When I met with the team leader, he shared his frustration with the project team meetings and how the team members’ always complained that communication and support are weak, leading to project completion that was late, over-budget and below-quality. So, the team leader kept trying more and more meetings – and the same communication and poor outcomes kept happening.
The team was having a weekly 3-hour project update meeting plus an additional finance and staffing meeting on another day of the week. In total 5 hours of team meetings every week! Even with all this meeting and update time, they were all very unhappy with the results because they could not find time for all the topics on the agenda. The meetings often lasted longer than scheduled, not everything that was important to the team members was addressed. The opposite was happening; the team members felt they were under constant time pressure and were criticizing their manager for all these meetings and no time to get work done. The project manager was under pressure to keep work on-time, on-budget, and on-quality – but was having too many meetings to update everyone!
The team was having more meetings and after meetings to figure out what was causing the unproductive meetings, when I told them, “you are doing the same damn thing over and over again, how will you know when you do something different?” They shared their fishbone diagram attempting to root-cause the poor meeting productivity.

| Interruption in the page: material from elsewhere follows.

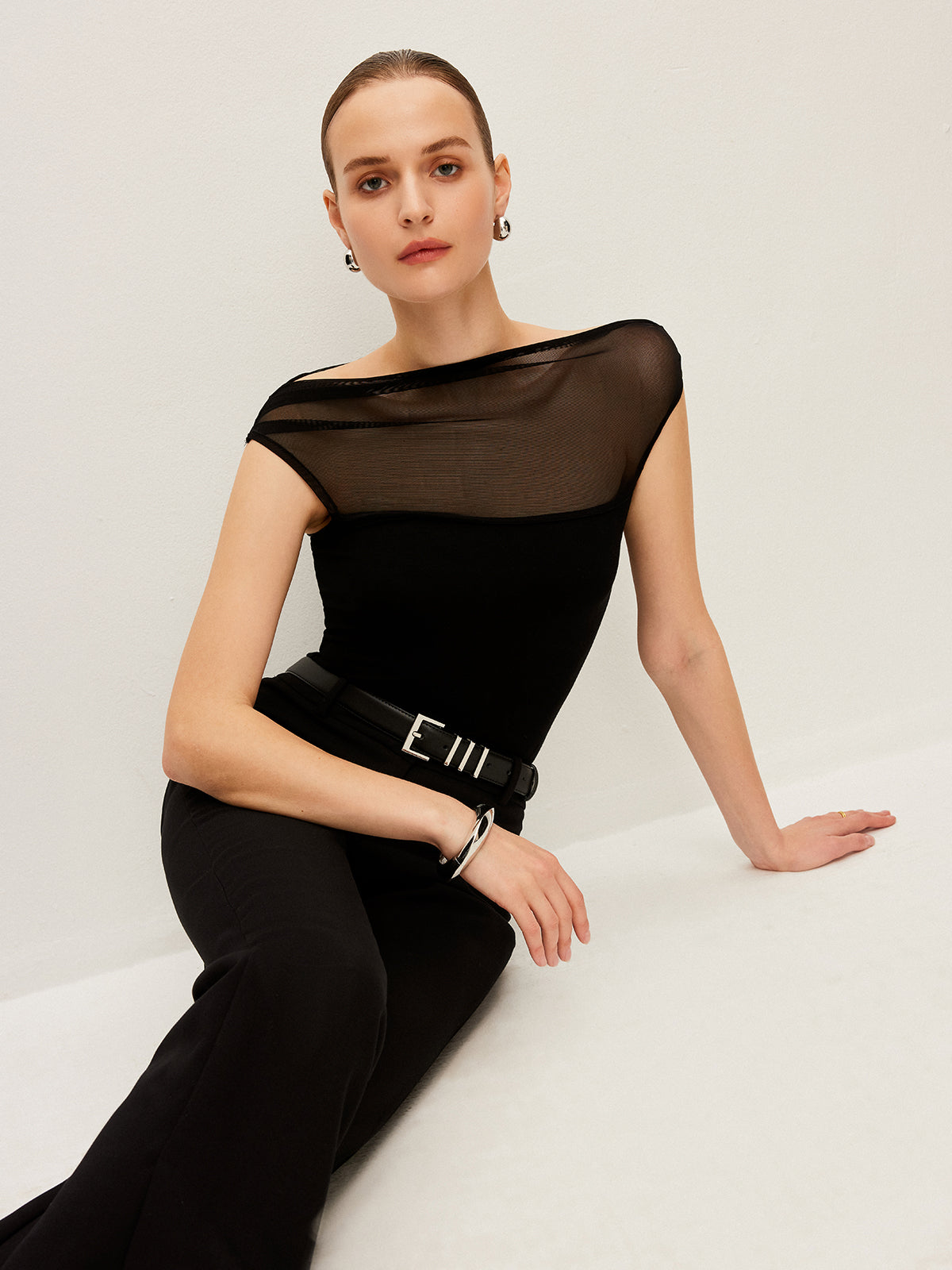 T-shirt en maille semi-transparente à empiècements et col bateau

I recommended the team leader try something different – a solution-focused approach.
At the end of the next meeting, he passed out a piece of paper with three questions that every person was to answer:
- How would you design a meeting in which you would like to participate, what would it look like?
- What exactly would you be doing differently?

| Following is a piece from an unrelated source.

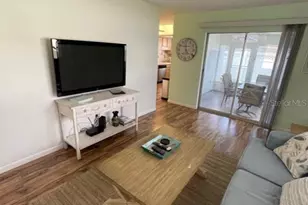 1877 Southpointe Dr, Sarasota, FL 34231 - Photo 5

- How would our best customer notice this progress?
- Were there any situations in recent meetings that were similar to what you imagine? What exactly was happening then?
The team leader read the responses, typed them all into a document and shared them with the team at the next meeting. The team co-constructed a meeting structure based on the responses that made it possible to deal with the project updates plus the finance and staffing within 2.5 hours.
The team leaders explanation was: “I am not entirely sure, but I think that by asking how to improve in a different way, it was possible for the team to share what is working so we can increase that. Instead of sharing new fads and pointing to road blocks, we were able to use what we got. In the past, we kept asking each other what is wrong with us? We were asking why we are so inefficient? This resulted in a blame game and pulled us deeper and deeper into the problem. By blaming each other, the clients, and me we all stopped talking and kept doing more of the same, just pushing harder. When pushing harder did not work we did not stop because we were going to fix this damn problem.”
Finding what works in leadership and doing more of it.